# GIVEN DATA
=======

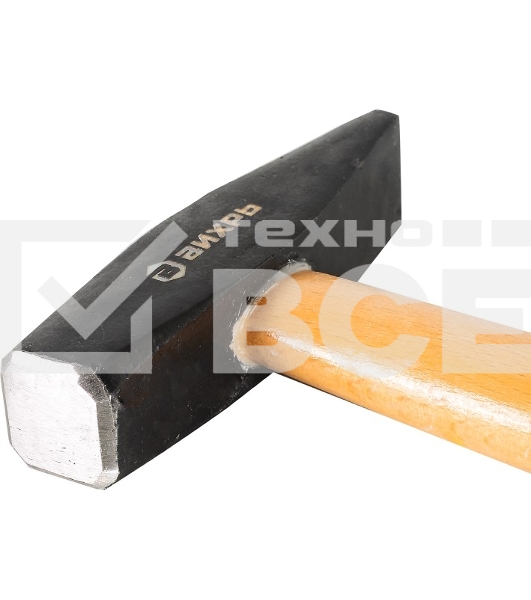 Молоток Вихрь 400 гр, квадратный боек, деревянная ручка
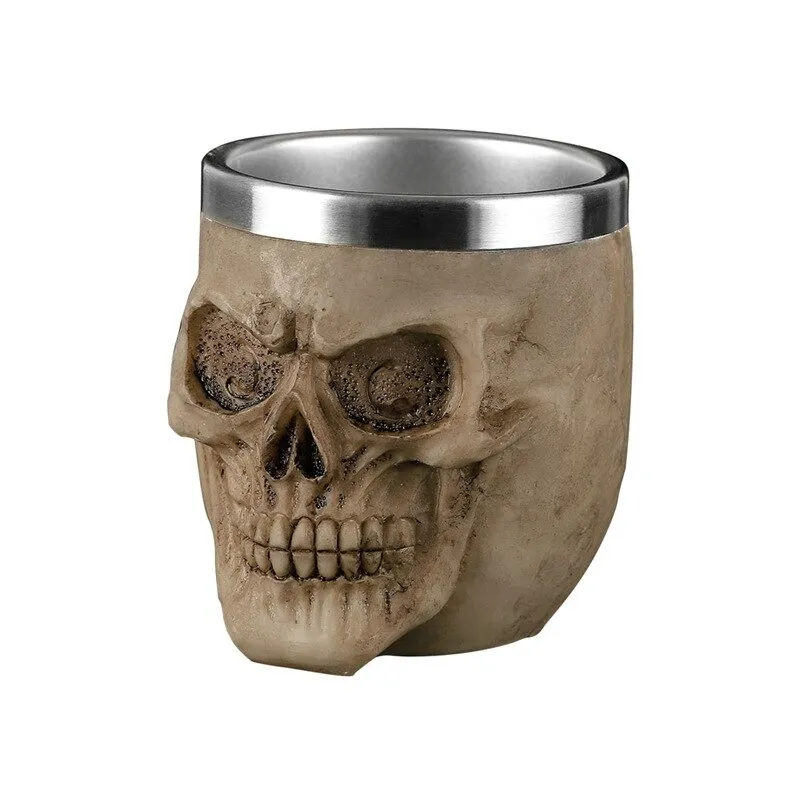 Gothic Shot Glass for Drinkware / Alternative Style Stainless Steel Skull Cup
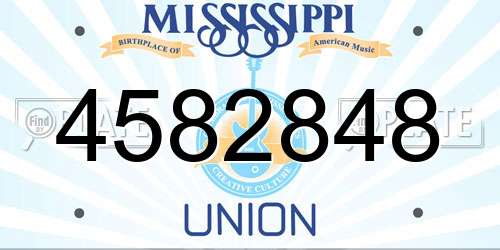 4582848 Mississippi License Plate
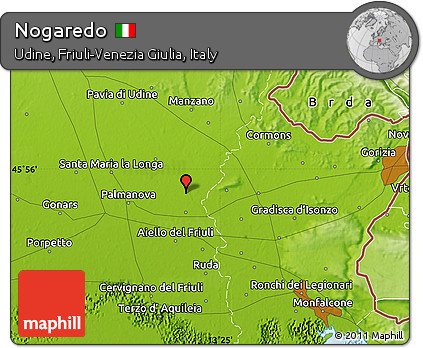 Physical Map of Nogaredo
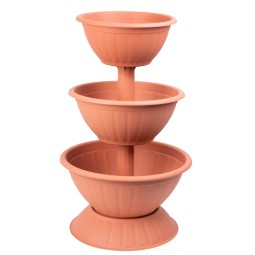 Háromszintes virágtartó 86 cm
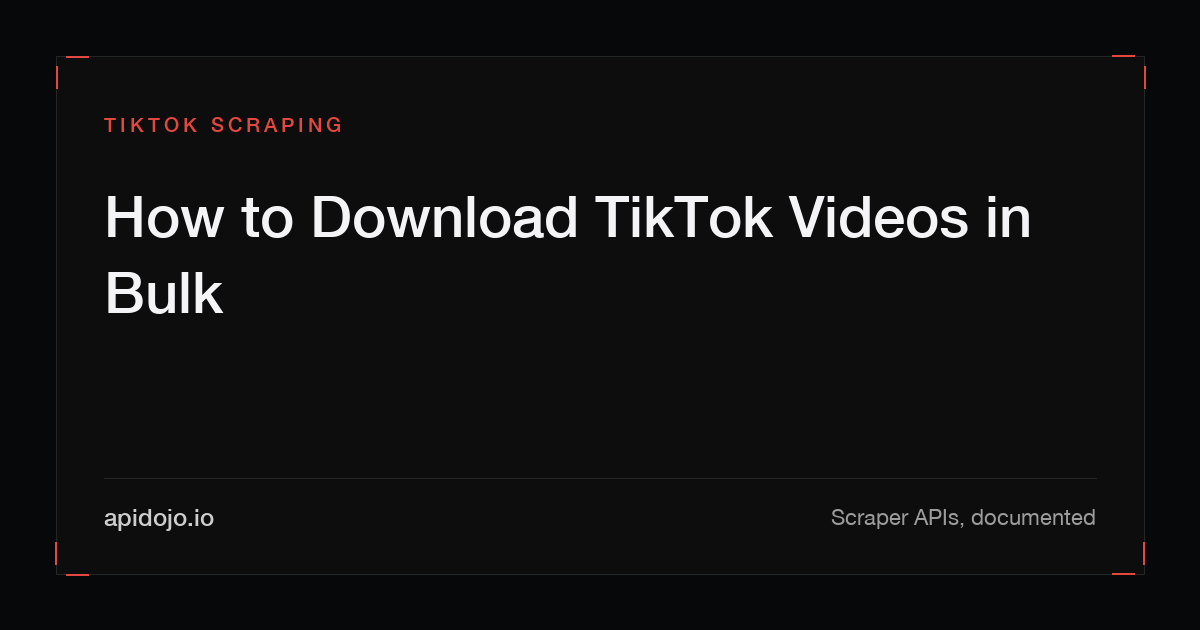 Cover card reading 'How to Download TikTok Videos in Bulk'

=======

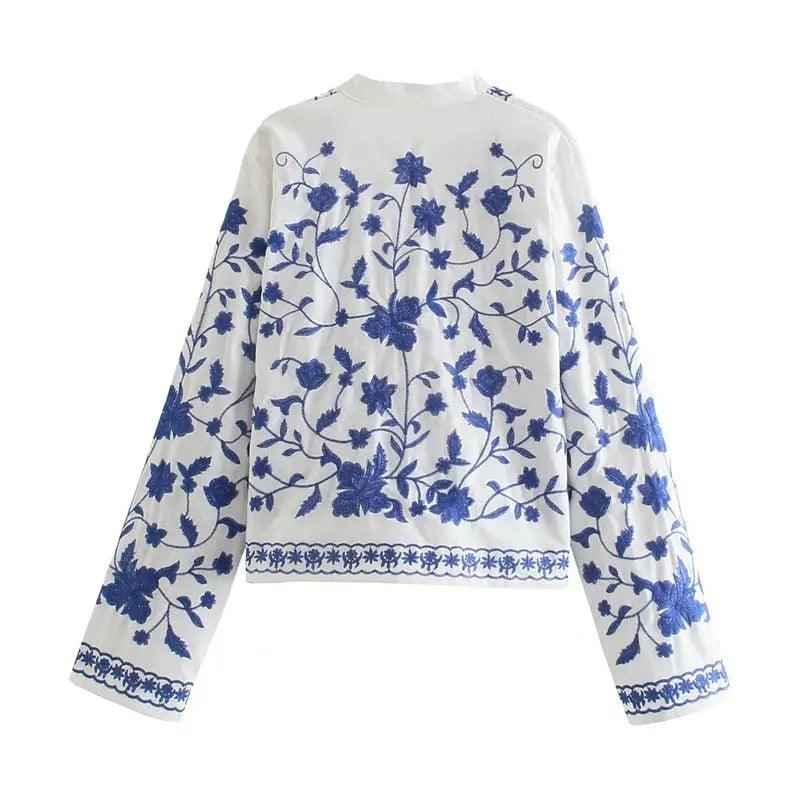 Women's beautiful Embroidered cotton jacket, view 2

=======

The stretch above running from the line with "Physical Map of Nogaredo" through the line with "Cover card reading" is all you should copy, exactly, leaving out the pictures.

 Physical Map of Nogaredo
 Háromszintes virágtartó 86 cm
 Cover card reading 'How to Download TikTok Videos in Bulk'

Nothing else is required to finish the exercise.